La vie comme un songe
Alors que les épisodes aux différents narrateurs se succèdent, le film, lui, use d’étranges stratégies, soit par souci d’économies (Lisbonne, Venise et Rome réduites à des intérieurs) soit pour des raisons plus essentielles. Fidèle en cela au romancier, Ruiz alterne entre procédés d’identification et de distanciation, fait coexister clins d’œil ironiques et profonde mélancolie. Le récit révèle des identités trompeuses? La mise en scène nous trimballe d’un point de vue subjectif à une distance plus objective, de sorte à suggérer un doute permanent, une complexité croissante. Des espions traînent partout, un petit théâtre de marionnettes assure certaines transitions délicates, indices d’une mise en abyme élaborée. Et si la vie elle-même n’était qu’un fantasme de l’enfance inconsolable, demande le cinéaste?
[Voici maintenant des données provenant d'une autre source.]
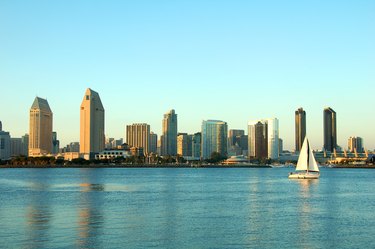 San Diego, downtown cityscape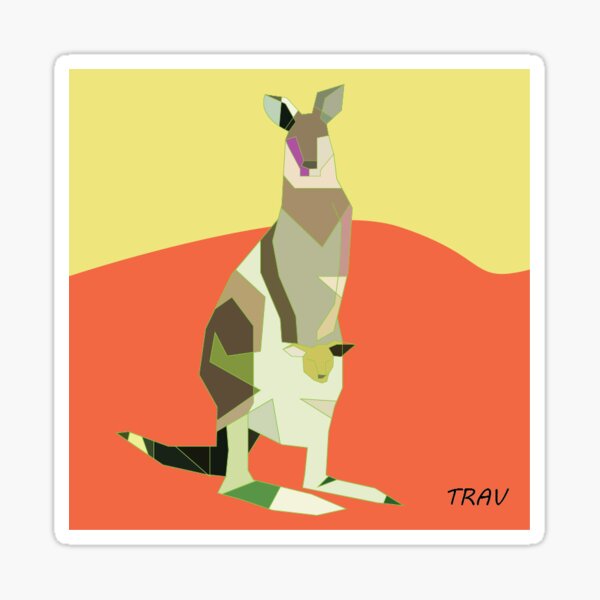 KANGAROO Sticker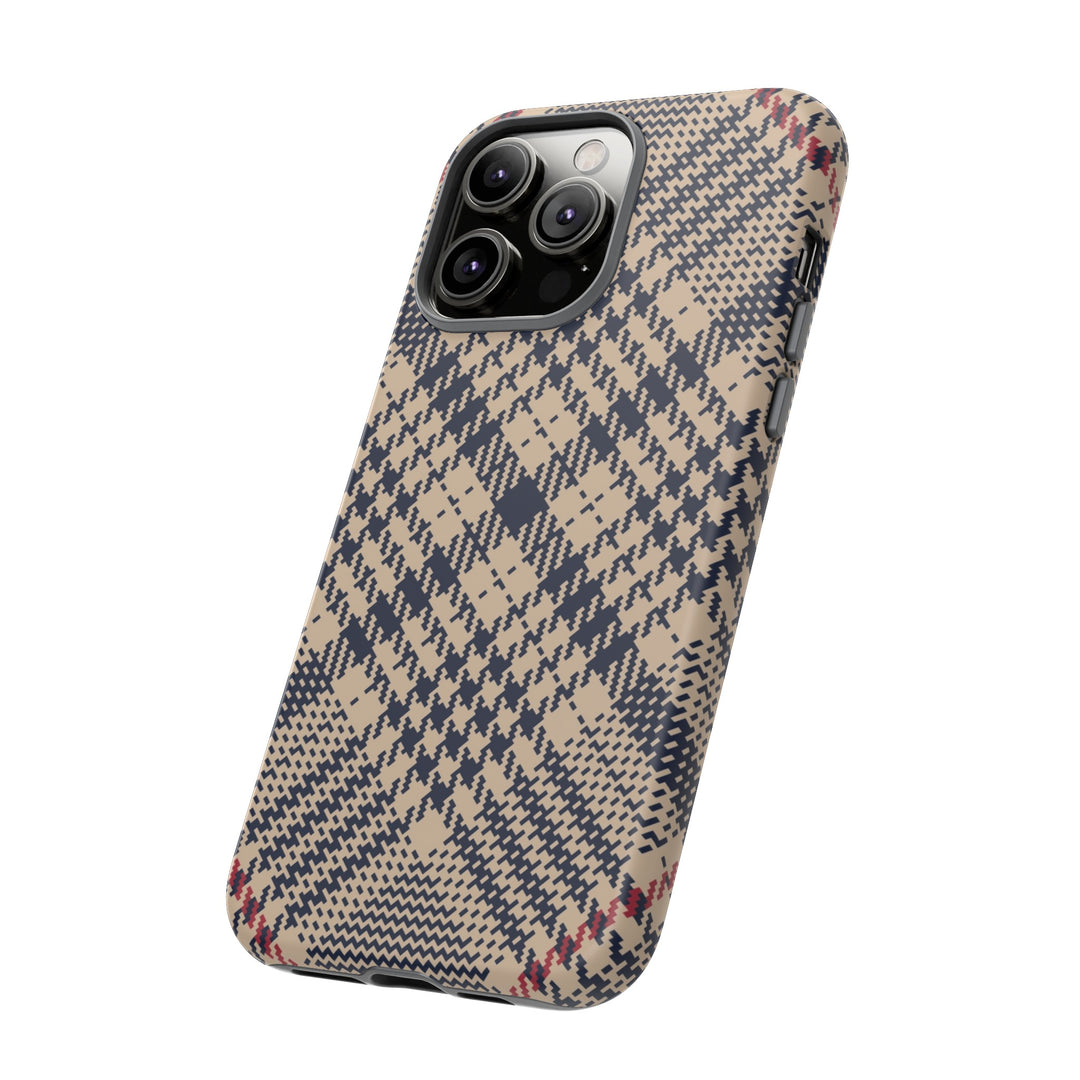 Blue Scottish Plaid Case - Dual Layer Tough Case - Fits Many Smartphone Models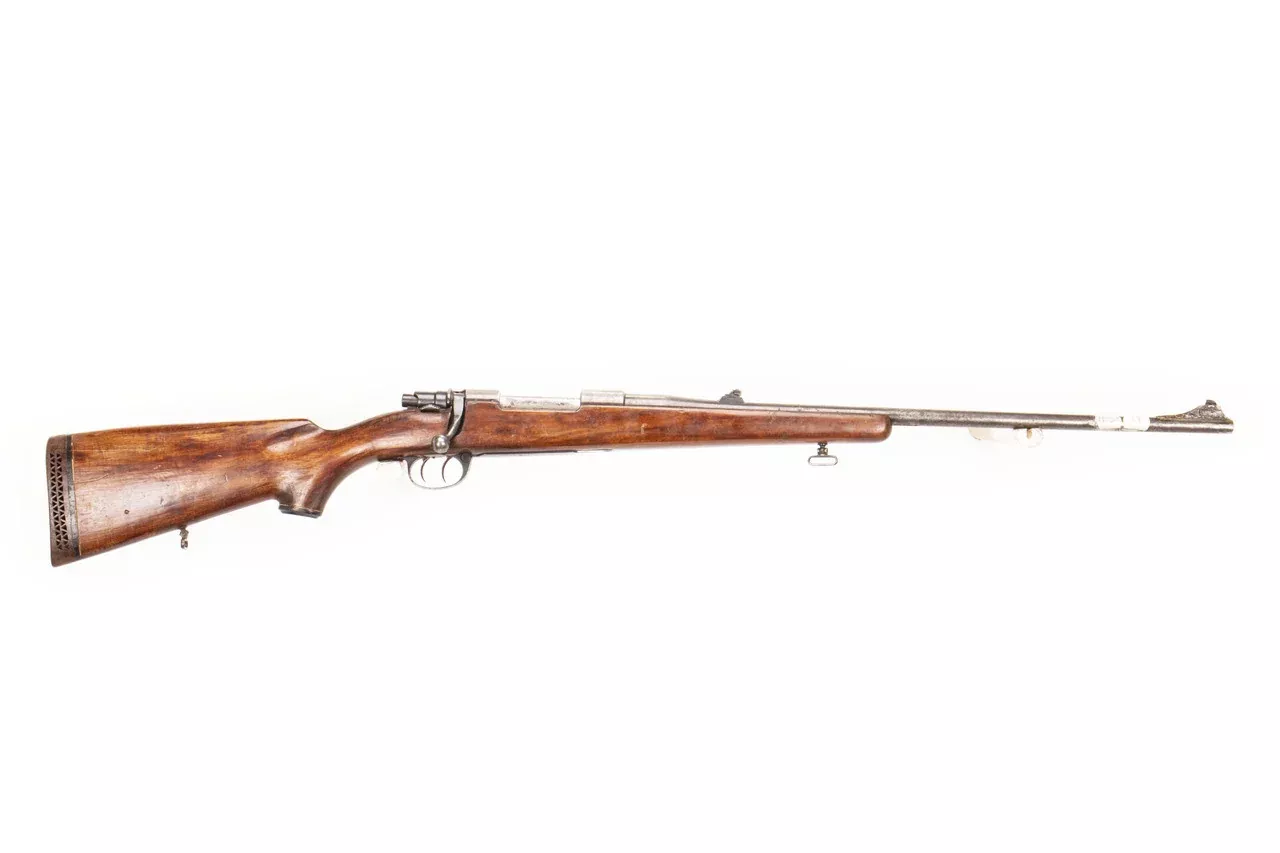 Zastava LK708x57JS Bolt Action Rifle Sporterized - Overall Surplus Fair Condition (1)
Ensorcelés, on est cette fois prêts à le croire.
VVV Mystères de Lisbonne (Mistérios de Lisboa) , de Raúl Ruiz (Portugal/France 2010), avec Adriano Luz, Maria João Bastos, Ricardo Pereira, Clotilde Hesme, Léa Seydoux, José Afonso Pimentel. 4h26. Cinémas du Grütli, Genève, puis Zinéma, Lausanne, dès le 2 février.